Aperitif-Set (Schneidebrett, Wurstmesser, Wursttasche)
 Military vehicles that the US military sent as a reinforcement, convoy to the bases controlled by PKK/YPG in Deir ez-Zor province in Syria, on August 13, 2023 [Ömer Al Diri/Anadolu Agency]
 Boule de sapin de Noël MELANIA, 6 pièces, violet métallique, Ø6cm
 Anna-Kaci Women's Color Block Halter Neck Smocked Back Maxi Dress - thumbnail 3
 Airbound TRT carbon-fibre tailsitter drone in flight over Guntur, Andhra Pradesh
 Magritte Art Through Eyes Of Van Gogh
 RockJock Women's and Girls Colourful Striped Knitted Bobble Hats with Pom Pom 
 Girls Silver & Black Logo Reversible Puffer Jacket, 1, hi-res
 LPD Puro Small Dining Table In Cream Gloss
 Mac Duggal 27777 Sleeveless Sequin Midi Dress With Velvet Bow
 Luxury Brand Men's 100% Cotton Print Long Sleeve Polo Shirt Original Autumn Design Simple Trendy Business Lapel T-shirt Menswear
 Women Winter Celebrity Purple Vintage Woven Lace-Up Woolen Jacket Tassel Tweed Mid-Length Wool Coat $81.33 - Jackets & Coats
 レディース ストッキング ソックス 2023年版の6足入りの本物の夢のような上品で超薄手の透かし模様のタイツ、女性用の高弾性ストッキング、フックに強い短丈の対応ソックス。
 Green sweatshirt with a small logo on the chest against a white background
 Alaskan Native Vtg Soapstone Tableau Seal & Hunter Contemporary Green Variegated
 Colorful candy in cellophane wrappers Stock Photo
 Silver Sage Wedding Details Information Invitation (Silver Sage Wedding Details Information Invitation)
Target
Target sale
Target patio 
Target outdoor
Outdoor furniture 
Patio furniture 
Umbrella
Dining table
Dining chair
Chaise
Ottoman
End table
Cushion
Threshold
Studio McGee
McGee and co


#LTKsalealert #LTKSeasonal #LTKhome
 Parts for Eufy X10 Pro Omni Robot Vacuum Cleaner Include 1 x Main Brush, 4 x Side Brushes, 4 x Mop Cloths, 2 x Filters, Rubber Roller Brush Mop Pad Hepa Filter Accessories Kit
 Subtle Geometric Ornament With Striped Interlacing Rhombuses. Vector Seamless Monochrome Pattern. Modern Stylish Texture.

▬▬▬▬▬▬

Copy out, exactly and alone, the lines of the entries above between the ones holding "Colorful candy in" and "Parts for Eufy", inclusive.

# Response area
 Colorful candy in cellophane wrappers Stock Photo
 Silver Sage Wedding Details Information Invitation (Silver Sage Wedding Details Information Invitation)
Target
Target sale
Target patio 
Target outdoor
Outdoor furniture 
Patio furniture 
Umbrella
Dining table
Dining chair
Chaise
Ottoman
End table
Cushion
Threshold
Studio McGee
McGee and co


#LTKsalealert #LTKSeasonal #LTKhome
 Parts for Eufy X10 Pro Omni Robot Vacuum Cleaner Include 1 x Main Brush, 4 x Side Brushes, 4 x Mop Cloths, 2 x Filters, Rubber Roller Brush Mop Pad Hepa Filter Accessories Kit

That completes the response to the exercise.